Just got back from two-week vacation out west. My wife (Terri), her sister (Linda) and a friend (Greg) took two Jeeps to the road and ventured to Colorado, Utah, Idaho, Wyoming, Montana and South Dakota. It was a blast. Four thousand miles later, we returned to Minnesota last Saturday night.
Of all the travels we did those two weeks (tenting, sleeping in vehicles and hotels), everyone’s favorite adventure was a Jeep trail called “Black Bear Pass”. I had researched the hundreds of trails for off-road vehicles in the United States and BBP stood out to me as being the most scenic, the most exciting, the most challenging and the most dangerous.
BBP is a trail that begins in Ouray, CO and traverses up and over the San Juan Mountains (part of the Rockies) and down to Telluride, CO. The two towns are similar in that they sit in valleys surrounded by cliffs and the beauty of the landscape is breathtaking.
While researching the trail, I watched videos and heard testimonies from others who had taken on the trail and so I felt I was familiar with what to expect on the trail. However, the others who have passed through this treacherous trail gave warnings that the trail can be a little “dicey”.
Two areas of the trail were identified this way and I was warned that if I decided to take on BPP, to be sure to do it under ideal weather conditions since the shale boulders can be slippery in the rain or snow. The first “dicey” spot is called “the steps” and includes a tilted road of rough boulders that rock your vehicle like a bobblehead doll. The second spot is the second of numerous “switchbacks” where the trail does a 180º turn back upon itself in zig-zag fashion as it descends.
By the way, BBP is 12,840 feet above sea level and the paths are no wider than that of a vehicle.
Though the trail came with a hefty danger warning — I felt compelled to take on the trail and see how I would handle it in my 2016 Jeep Wrangler.
Terri and her sister were able and willing to come along, though each did so under extreme hesitation. The morning was sunshiny, so we took the soft top off the Jeep for a complete convertible experience.
The trail starts on a steep path that is all stone and winds upward the mountain at a rapid pace. We followed a herd of Jeeps from Oklahoma for the first half of the trail and I was able to maneuver my Jeep while watching the trio of Jeeps ahead of me as we ascended the mountain.
At the halfway point, many of the Jeeps, SUVs and trucks congregate at a landing that has some spectacular views. We got out, stretched our legs, took in the beauty and snapped a couple dozen photos. Fifteen minutes later, I was anxious to continue the ride so I suggested we move ahead.

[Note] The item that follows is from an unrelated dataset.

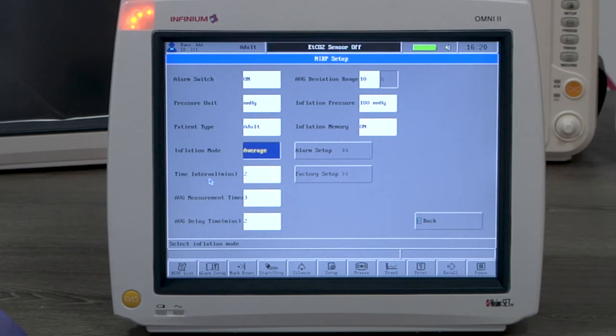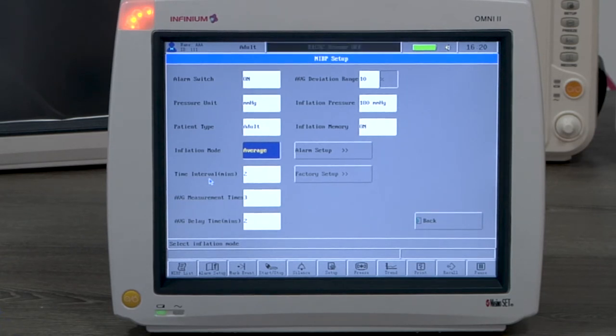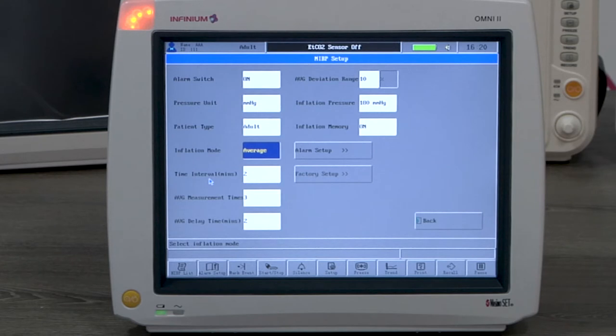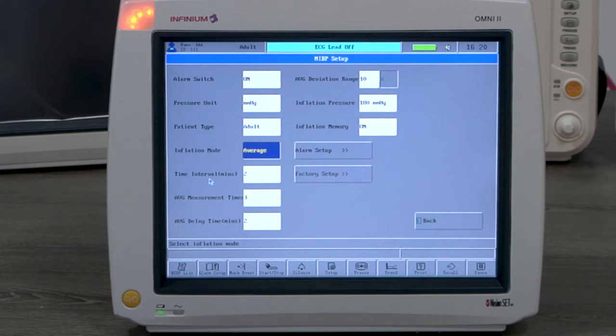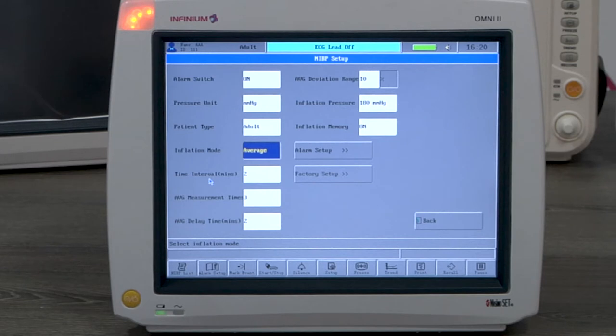If the first reading is a high BP, it will inflate to a high pressure at the beginning of a second measurement. This feature is helpful when monitoring the same patient or on a patient group that has similar blood pressure conditions.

Since I wouldn’t have a herd of Jeeps to follow (the Oklahomans stayed behind for more photos and visiting), I got behind the wheel to continue the stretch of trails that leads to the precarious final leg of the steps and switchbacks.
Just as we approached the steps (my greatest fear), dark clouds rolled in and light raindrops started tickling our backs, sliming up the windshield and wetting the rocks. As the vehicle rocked through the steps, I remember telling myself, “just trust the Jeep”.
So I did.
If I hadn’t put that thought in my mind, I probably would have stopped the vehicle and asked if anyone else would like to drive because I just can’t do it.
I pushed on. And so did the rain.
By the time we accomplished the first switchback, our open-air Jeep was getting pummeled by freezing rain and sleet (yes sleet) as I crawled the motor vehicle towards the second challenge — the tight, reverse switchback — with little or no room for error.
As we approached the spot, we noticed a trio of full-size pickups stuck on the switchback, attempting to make the turn down the path. All we could do at this point was sit there in the pouring rain and wait for them to make it through.
The Jeep was a swimming pool and our knees were knocking and hands trembling as we waited for a clearing both in the clouds and on the trail.
By the time the rain subsided and the sun broke through, the pickup truckers had finally passed through the switchback and were now past the two hardest obstacles.
Now it was my turn.
Greg got out to spot me and make sure I didn’t slide off the edge, but after a couple back-and-forth turns, we made the turn and were heading downhill towards Telluride.
The rest of the trail is relatively easy and we jumped out to dry ourselves at a landing just below the Bridal Veil Falls and the hydroelectric power plant.
We made it.
For those of you who may be interested in taking on this trail or any of the dozens located in Colorado, Utah and surrounding areas — I highly recommend it. Though steeped with danger and plausible peril, the beauty of the trail and the feeling of defying the odds is weel worth the trip.
Just do so under better weather conditions.